PROBLEM TO WORK ON
Take the data below and copy exactly the lines starting at the one with "1BR, 1BA - 616SF" and finishing at the one with "0 16인치 S-27.5인치---3", both included.

++++ RECORDED INFORMATION ++++

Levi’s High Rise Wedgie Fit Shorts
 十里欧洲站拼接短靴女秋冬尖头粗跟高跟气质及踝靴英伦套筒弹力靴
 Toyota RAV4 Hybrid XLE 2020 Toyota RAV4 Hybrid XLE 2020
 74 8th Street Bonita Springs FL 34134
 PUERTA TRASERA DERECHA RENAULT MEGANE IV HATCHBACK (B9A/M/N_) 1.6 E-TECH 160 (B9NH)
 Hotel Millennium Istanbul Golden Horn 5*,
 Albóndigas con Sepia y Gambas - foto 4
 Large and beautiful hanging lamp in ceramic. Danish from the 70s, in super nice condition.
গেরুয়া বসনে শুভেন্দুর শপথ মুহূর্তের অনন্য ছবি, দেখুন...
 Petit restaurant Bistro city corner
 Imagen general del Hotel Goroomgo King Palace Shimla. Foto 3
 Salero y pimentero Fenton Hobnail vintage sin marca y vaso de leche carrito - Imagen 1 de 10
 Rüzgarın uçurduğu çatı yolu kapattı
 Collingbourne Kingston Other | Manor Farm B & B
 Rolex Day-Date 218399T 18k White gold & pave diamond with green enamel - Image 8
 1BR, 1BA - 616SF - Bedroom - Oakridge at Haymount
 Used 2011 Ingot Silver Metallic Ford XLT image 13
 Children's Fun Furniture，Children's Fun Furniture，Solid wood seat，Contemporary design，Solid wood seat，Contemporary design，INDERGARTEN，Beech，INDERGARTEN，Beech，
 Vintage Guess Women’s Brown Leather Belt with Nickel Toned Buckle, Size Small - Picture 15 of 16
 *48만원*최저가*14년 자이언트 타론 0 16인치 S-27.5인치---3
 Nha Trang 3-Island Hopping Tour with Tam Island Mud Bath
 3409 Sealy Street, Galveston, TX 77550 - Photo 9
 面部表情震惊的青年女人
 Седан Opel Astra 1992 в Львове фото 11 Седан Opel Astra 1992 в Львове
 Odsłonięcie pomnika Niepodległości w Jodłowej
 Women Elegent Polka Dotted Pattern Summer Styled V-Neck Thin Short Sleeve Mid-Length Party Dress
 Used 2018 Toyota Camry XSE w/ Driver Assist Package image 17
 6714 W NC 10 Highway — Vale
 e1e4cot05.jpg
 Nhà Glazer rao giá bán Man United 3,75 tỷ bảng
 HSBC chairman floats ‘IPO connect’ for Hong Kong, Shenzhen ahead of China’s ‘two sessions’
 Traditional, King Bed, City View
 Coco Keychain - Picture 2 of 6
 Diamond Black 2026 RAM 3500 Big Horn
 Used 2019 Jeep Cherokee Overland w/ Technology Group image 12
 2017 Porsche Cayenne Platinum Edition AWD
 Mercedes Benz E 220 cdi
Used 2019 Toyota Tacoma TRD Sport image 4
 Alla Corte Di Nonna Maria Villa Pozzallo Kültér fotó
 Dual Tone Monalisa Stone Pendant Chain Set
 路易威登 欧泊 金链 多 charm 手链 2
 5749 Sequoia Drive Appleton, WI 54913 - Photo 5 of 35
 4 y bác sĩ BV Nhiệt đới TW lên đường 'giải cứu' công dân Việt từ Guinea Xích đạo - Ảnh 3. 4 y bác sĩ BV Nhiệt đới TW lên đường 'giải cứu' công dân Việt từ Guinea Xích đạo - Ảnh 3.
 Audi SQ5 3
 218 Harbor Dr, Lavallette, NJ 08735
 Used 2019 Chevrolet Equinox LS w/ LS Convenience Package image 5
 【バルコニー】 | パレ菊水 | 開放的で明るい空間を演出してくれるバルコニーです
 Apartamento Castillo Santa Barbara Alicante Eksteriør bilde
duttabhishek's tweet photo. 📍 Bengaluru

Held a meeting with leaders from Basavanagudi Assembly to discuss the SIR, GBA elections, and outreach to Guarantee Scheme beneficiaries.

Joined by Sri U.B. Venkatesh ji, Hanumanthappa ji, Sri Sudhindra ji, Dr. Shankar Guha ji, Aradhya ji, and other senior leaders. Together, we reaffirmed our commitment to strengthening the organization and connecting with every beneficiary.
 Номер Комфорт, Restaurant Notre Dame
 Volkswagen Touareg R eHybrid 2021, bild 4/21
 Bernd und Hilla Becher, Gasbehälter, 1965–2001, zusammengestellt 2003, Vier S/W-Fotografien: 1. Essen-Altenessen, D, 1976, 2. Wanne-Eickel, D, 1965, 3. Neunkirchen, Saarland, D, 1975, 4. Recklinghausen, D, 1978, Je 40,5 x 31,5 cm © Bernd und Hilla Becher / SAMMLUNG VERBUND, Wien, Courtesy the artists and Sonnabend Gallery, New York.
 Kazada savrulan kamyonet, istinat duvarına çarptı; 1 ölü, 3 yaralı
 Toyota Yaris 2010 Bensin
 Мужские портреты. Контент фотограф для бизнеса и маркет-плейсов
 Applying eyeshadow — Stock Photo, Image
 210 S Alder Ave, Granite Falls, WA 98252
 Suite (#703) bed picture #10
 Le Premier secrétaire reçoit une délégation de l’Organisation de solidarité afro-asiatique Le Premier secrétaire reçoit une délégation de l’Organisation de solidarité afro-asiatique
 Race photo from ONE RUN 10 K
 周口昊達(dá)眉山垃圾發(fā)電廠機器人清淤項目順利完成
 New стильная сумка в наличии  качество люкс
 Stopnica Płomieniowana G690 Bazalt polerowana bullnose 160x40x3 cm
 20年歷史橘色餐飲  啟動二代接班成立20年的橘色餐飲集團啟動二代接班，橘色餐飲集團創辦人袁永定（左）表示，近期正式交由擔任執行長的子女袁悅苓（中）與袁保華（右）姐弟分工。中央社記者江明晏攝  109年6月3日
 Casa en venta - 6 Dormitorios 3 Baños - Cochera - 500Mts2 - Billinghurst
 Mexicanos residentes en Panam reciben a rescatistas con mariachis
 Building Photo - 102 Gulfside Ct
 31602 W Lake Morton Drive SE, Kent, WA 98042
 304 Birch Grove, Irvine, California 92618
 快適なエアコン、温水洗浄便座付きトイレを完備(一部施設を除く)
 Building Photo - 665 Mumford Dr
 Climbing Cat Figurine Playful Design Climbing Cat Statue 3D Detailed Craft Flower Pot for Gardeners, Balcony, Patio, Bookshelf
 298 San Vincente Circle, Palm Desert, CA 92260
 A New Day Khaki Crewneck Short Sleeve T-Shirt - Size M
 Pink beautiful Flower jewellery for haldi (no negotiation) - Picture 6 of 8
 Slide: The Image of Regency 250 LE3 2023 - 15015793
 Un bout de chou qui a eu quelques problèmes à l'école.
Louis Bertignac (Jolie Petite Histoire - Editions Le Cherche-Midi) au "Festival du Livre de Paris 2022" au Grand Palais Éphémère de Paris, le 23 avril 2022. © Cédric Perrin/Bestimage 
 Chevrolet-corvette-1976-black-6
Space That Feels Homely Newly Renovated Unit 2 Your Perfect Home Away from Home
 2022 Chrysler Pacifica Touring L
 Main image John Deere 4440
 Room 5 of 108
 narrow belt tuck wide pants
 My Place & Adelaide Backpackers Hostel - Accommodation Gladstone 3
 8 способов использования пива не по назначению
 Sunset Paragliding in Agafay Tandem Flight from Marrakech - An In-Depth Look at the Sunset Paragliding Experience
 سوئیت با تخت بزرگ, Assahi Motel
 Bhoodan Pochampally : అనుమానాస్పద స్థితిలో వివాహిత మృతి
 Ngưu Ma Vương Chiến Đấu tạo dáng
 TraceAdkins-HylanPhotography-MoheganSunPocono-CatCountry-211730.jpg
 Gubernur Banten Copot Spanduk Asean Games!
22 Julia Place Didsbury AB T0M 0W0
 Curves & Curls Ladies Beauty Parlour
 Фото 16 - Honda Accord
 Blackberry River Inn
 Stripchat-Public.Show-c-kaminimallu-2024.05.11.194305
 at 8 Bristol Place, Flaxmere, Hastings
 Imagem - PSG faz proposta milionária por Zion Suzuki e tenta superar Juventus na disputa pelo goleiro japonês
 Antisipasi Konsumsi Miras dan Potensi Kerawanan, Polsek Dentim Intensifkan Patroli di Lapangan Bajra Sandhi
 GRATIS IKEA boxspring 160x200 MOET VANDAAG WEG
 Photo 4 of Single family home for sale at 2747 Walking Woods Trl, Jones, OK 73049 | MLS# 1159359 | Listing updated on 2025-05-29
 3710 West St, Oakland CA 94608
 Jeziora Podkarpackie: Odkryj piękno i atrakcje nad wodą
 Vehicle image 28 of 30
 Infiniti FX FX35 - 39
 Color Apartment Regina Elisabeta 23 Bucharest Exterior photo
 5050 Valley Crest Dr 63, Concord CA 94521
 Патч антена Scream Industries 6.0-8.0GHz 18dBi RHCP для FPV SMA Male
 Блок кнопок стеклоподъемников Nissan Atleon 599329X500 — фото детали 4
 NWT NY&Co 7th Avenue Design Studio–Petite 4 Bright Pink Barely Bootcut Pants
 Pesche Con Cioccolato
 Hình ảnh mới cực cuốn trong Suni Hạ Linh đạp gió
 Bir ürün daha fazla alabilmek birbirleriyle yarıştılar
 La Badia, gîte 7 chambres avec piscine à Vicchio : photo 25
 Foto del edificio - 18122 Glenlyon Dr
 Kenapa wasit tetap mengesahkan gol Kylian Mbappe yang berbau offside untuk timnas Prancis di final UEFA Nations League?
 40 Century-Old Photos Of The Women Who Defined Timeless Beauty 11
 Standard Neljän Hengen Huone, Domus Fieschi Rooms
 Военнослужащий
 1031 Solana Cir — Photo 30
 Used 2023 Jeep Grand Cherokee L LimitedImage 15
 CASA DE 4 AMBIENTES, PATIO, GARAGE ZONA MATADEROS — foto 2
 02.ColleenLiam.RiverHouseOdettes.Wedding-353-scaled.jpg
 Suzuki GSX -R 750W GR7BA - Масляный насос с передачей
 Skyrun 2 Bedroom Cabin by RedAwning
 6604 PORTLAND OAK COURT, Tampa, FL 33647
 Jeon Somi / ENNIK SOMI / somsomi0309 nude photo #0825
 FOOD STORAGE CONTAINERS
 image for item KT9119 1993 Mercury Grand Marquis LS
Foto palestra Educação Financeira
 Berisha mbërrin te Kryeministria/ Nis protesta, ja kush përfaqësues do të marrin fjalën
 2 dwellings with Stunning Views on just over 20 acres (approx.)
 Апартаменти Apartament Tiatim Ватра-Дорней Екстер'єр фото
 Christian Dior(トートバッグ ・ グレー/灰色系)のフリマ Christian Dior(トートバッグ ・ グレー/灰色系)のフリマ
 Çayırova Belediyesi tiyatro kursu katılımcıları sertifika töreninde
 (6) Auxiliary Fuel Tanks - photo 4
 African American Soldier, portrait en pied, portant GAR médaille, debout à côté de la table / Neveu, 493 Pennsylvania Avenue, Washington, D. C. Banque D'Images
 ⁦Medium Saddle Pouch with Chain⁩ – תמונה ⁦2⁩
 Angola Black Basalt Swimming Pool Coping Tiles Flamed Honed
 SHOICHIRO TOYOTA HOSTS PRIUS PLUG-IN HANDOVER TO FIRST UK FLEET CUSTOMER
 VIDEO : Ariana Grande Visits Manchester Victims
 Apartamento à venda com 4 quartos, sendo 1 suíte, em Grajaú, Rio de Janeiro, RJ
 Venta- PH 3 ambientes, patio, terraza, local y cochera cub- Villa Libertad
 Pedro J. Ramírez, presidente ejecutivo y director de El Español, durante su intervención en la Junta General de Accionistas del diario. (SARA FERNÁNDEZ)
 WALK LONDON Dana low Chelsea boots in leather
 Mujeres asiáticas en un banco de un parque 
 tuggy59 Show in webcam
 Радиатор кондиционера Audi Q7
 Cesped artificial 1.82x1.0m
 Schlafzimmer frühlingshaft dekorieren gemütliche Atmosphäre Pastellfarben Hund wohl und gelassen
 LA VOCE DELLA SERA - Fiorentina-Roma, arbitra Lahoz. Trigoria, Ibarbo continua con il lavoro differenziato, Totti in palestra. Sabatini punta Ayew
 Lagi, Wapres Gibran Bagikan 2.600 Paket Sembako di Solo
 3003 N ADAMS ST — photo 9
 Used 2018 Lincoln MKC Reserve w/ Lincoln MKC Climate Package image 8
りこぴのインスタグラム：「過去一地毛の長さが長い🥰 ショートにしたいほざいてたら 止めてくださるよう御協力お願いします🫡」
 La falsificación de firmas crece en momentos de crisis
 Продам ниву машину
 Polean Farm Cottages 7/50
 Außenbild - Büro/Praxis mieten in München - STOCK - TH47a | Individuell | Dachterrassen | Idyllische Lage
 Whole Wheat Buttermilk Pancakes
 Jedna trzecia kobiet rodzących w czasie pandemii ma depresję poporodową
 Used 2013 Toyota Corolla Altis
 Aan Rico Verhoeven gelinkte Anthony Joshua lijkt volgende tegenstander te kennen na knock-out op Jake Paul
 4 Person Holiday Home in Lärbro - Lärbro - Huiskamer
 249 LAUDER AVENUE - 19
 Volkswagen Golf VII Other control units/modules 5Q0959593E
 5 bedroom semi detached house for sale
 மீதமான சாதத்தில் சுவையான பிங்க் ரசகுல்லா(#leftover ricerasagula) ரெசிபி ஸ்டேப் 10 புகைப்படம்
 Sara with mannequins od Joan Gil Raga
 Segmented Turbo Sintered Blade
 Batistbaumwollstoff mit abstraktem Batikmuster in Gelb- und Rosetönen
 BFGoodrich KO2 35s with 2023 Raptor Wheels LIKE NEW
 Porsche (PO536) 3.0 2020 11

++++

TASK RESPONSE
 1BR, 1BA - 616SF - Bedroom - Oakridge at Haymount
 Used 2011 Ingot Silver Metallic Ford XLT image 13
 Children's Fun Furniture，Children's Fun Furniture，Solid wood seat，Contemporary design，Solid wood seat，Contemporary design，INDERGARTEN，Beech，INDERGARTEN，Beech，
 Vintage Guess Women’s Brown Leather Belt with Nickel Toned Buckle, Size Small - Picture 15 of 16
 *48만원*최저가*14년 자이언트 타론 0 16인치 S-27.5인치---3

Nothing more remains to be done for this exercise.